Return to


August 22, 2003
Notes from the Pentagon

POWs in Pyongyang
We have obtained a Defense Intelligence Agency report that states four American prisoners of war from the Korean War were sighted in North Korea in 1993.

A North Korean defector reported seeing the four POWs at the Changkwangsan Hotel coffee shop in Pyongyang in August or September of 1993.

The POWs were described as being in their 50s or 60s and were under the control of the North Korean military's reconnaissance bureau. They were in the North Korean capital to give a lecture on American "armed power."

The POWs were being transported in a Mercedes-Benz.

The report, declassified at the request of the Coalition of Families of Korean and Cold War POW/MIAs, also said that as of 1990 at least 10 U.S. prisoners, including "an unknown number of black men," were being held by North Korea in the Sungho district of Pyongyang.

Also, in 1986 two Americans were spotted in Pyongyang teaching "western customs, western lifestyle and English" at a North Korean Communist Party school.

The defector stated that he estimates that as many 60 American POWs are in North Korea.

The declassified DIA report comes after admissions by North Korea that its intelligence services kidnapped Japanese nationals and held them for decades.

Japan's government wants the issue of its abducted nationals to be raised during the six-party talks with North Korea on its nuclear program. American POW activists want the issue of missing American soldiers in North Korea raised at the Beijing talks as well, we are told.

Iraqi dishes
Army Gen. John Abizaid, commander of U.S. forces in Iraq, and Defense Secretary Donald H. Rumsfeld took time out after yesterday's Pentagon briefing to talk to a girl sitting in the back of the briefing room.

The girl asked the general what is happening in Iraq that is good.

"Television dishes," Gen. Abizaid said. "There are television dishes literally everywhere in Baghdad" that Saddam Hussein had banned.

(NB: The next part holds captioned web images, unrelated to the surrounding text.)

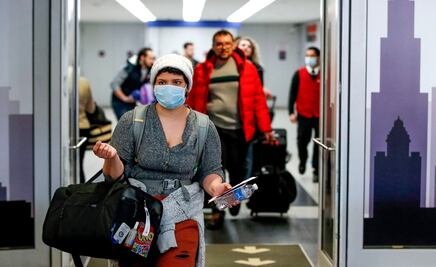 Aceptará EU entrada de viajeros con una mezcla de distintos tipos de vacunas contra Covid-19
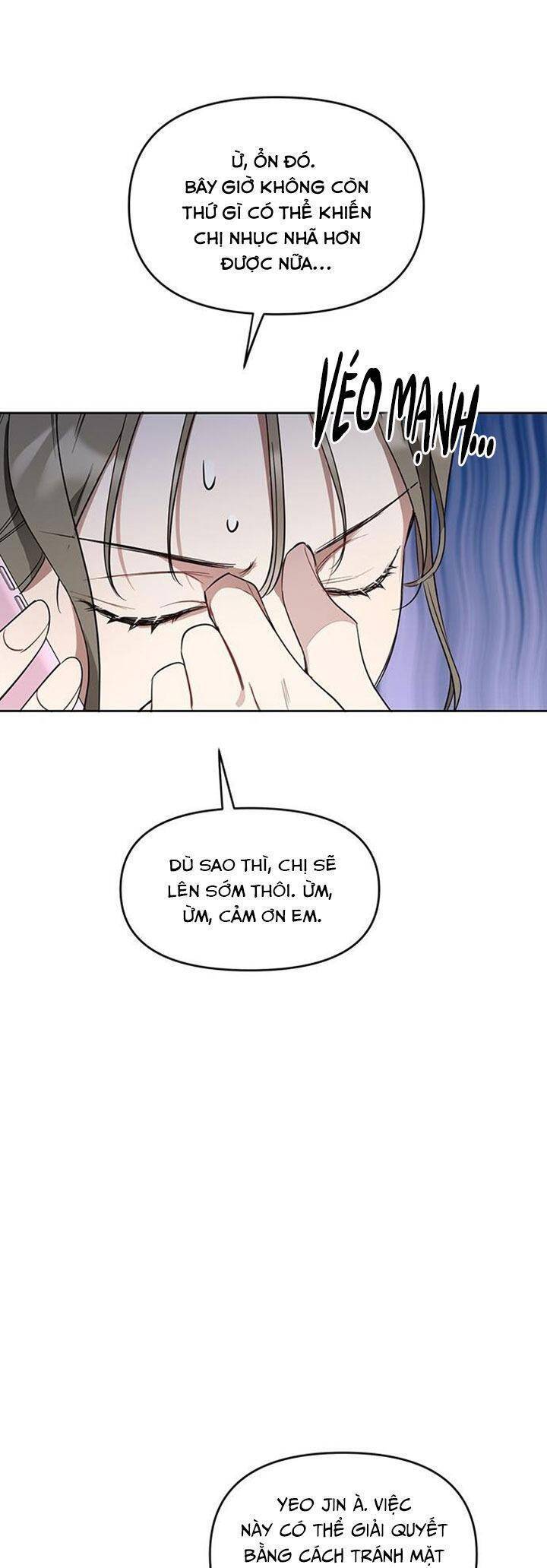 Vận Xui Chốn Công Sở - Chapter 29 - Page 34
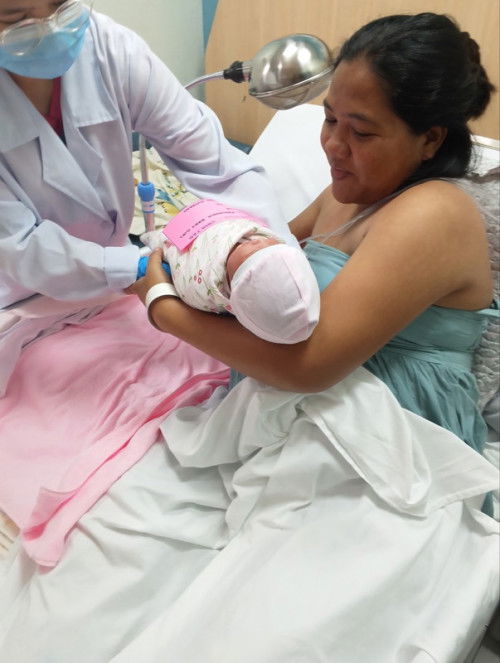 My story Bakit ako na Emergency CS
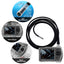 TK284PLUS3M Industrial Borescope 3.5" Colored LCD Screen Snakescope Live Video Inspection Camera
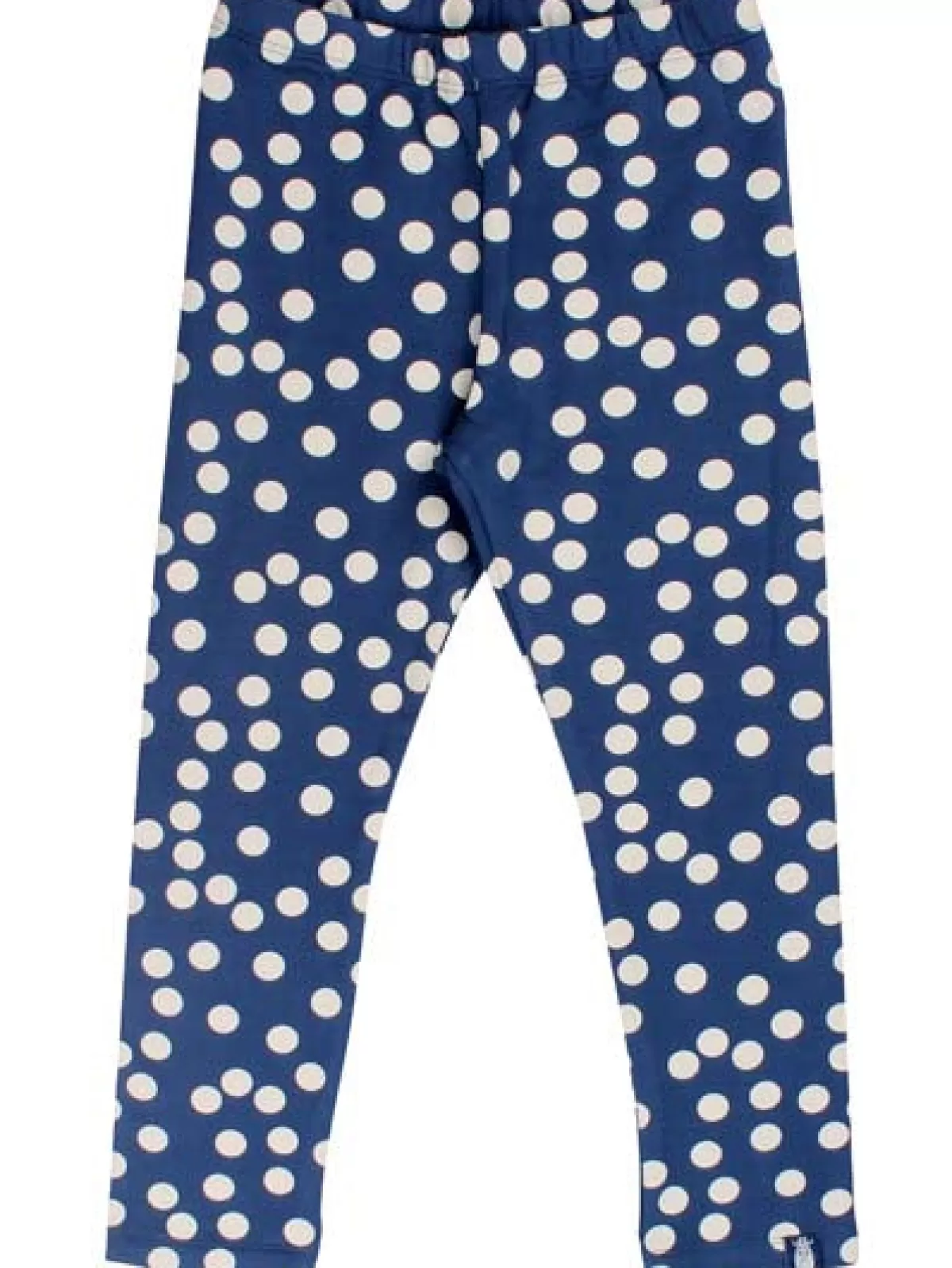 Danefæ Danandrea Warm Leggings Cold Slate/Chalk Big Funny Dots Hot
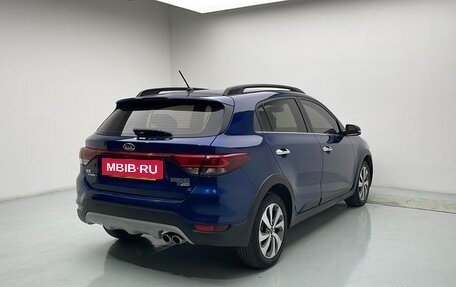 KIA Rio IV, 2019 год, 1 120 000 рублей, 6 фотография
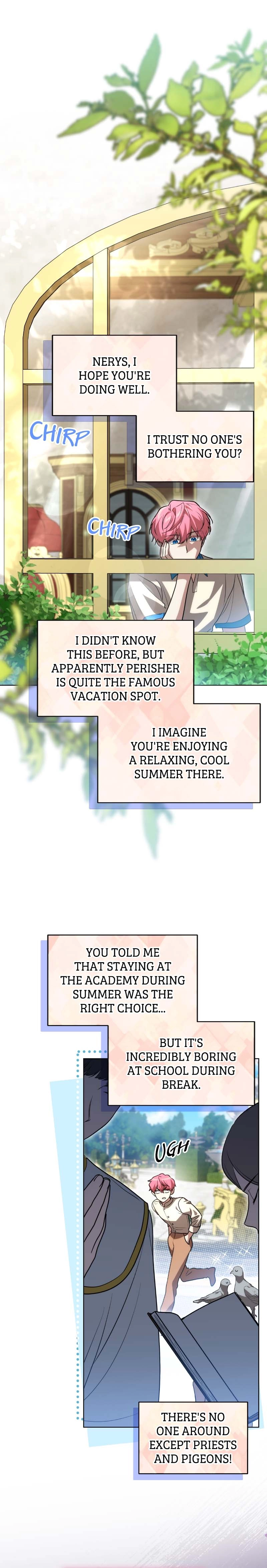 The Price Is Your Everything Chapter 42 - Page 16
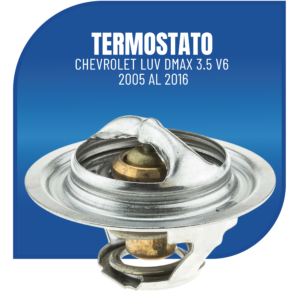 TERMOSTATO CHEVROLET LUV DMAX 3.5 v6 2005-2016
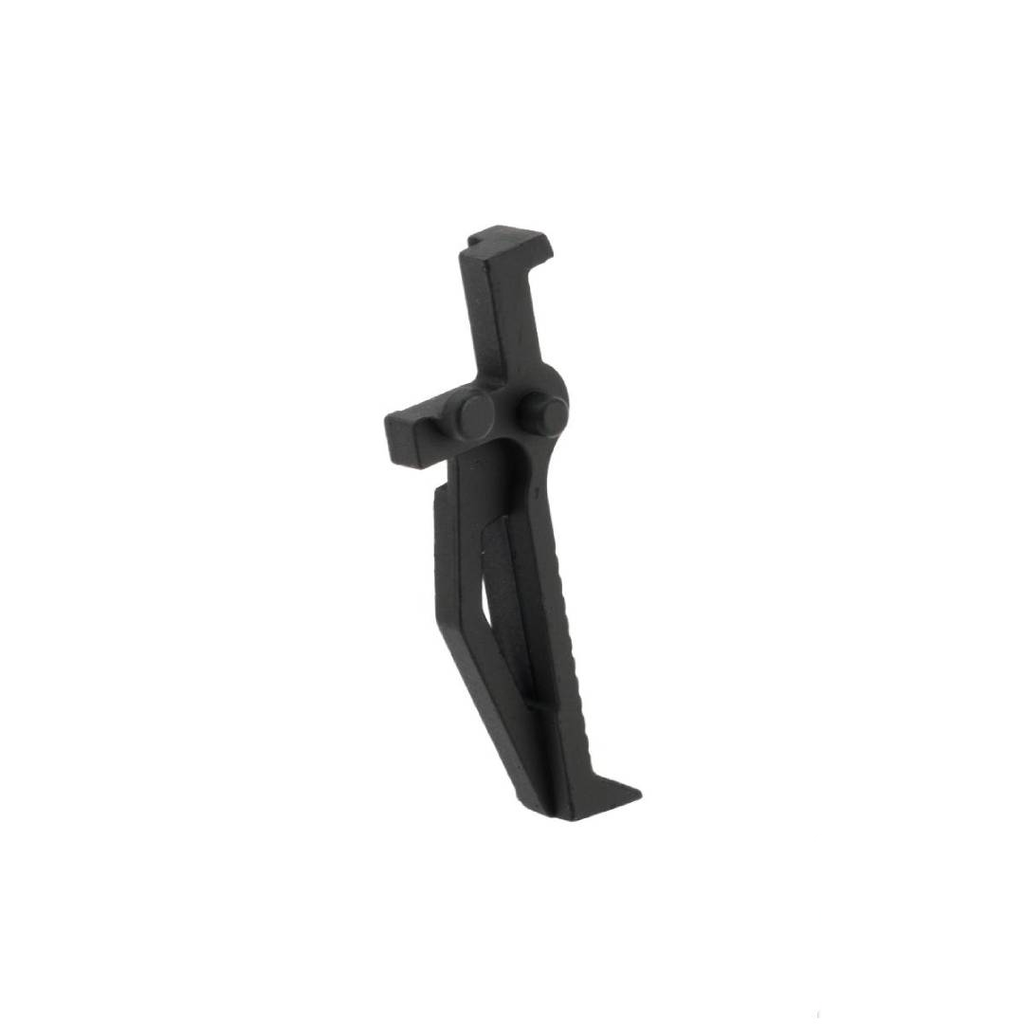APS RAF Flat Front Trigger for eSilver Edge Series Airsoft AEG Gearboxes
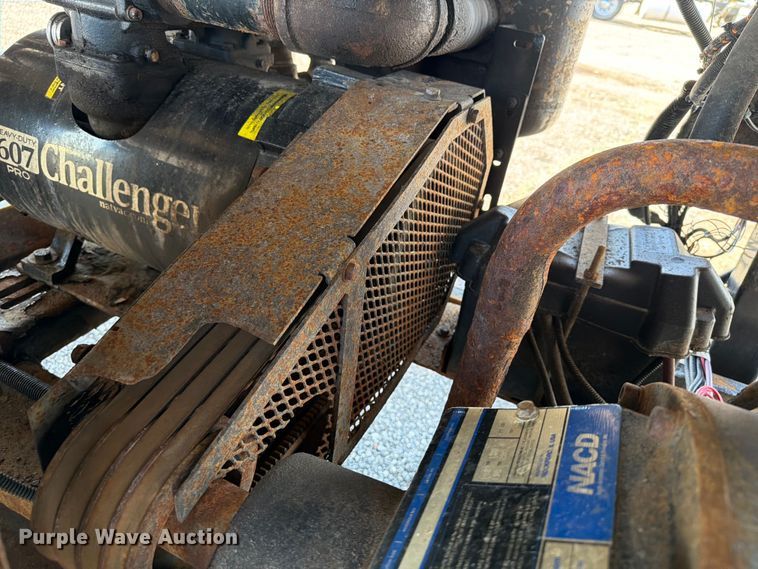 image for item EG9254 2015 ITI AV15010250 vacuum trailer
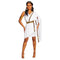 Morph Costumes White Toga Costume Women Greek Goddess Costume Women Greek Toga Costume Women Roman Goddess Costume Women S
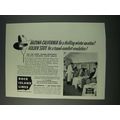 1948 Rock Island Lines Railroad Ad - Arizona-California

"And if you go now and you fly around Iraq, you see television dishes everywhere broadcasting all the bad news," the four-star general said.

Stumpf debate
The forced retirement of Navy Capt. Robert Stumpf served as a rally cry for pro-military groups who decried the Navy's "politically correct" direction. The episode got new life last year, when the Bush administration overruled a Clinton administration decision not to promote Capt. Stumpf because of his attendance at the infamous 1991 Tailhook convention. The Navy promoted him retroactively, with back pay, last year.

Now, the episode has reared up again this time on an anti-PC Web site, www.NewTotalitarians.com. Rear Adm. Clarence A. "Mark" Hill Jr. penned an article titled "The Stumpf Affair."

Adm. Hill attacked the Navy for failing to defend the F-18 pilot and Gulf war hero when the Senate Armed Services Committee urged Navy Secretary John H. Dalton to rescind his promotion. Mr. Dalton initially backed Capt. Stumpf's promotion, but then backed off under intense committee pressure.

Adm. Hill's article drew a sharp reply from Mr. Dalton, who has generally stayed silent on the matter all these years. In a rebuttal to Adm. Hill, the former Navy secretary said he fought hard to win the promotion from commander to captain. But Mr. Dalton argued that the Defense Department inspector general had "documented instances of misconduct on Capt. Stumpf's part which cast grave doubt on his fitness to serve in a position of leadership."

Mr. Dalton's response stirred up the anger of Charles Gittins, Capt. Stumpf's attorney in the ordeal. Mr. Gittins wrote to the association that the IG never reached such a conclusion.

After Mr. Dalton ordered another investigation, Capt. Stumpf concluded the action was meant to wear him down, so he retired.

"Commander Stumpf rightly identified the political climate and decided to pursue his promotion after Secretary Dalton left office with the effect that the record clearly demonstrated what Dalton apparently was unable to see Commander Stumpf was a superior naval officer who was destined for flag rank and who happened to be in Las Vegas on the wrong Saturday night."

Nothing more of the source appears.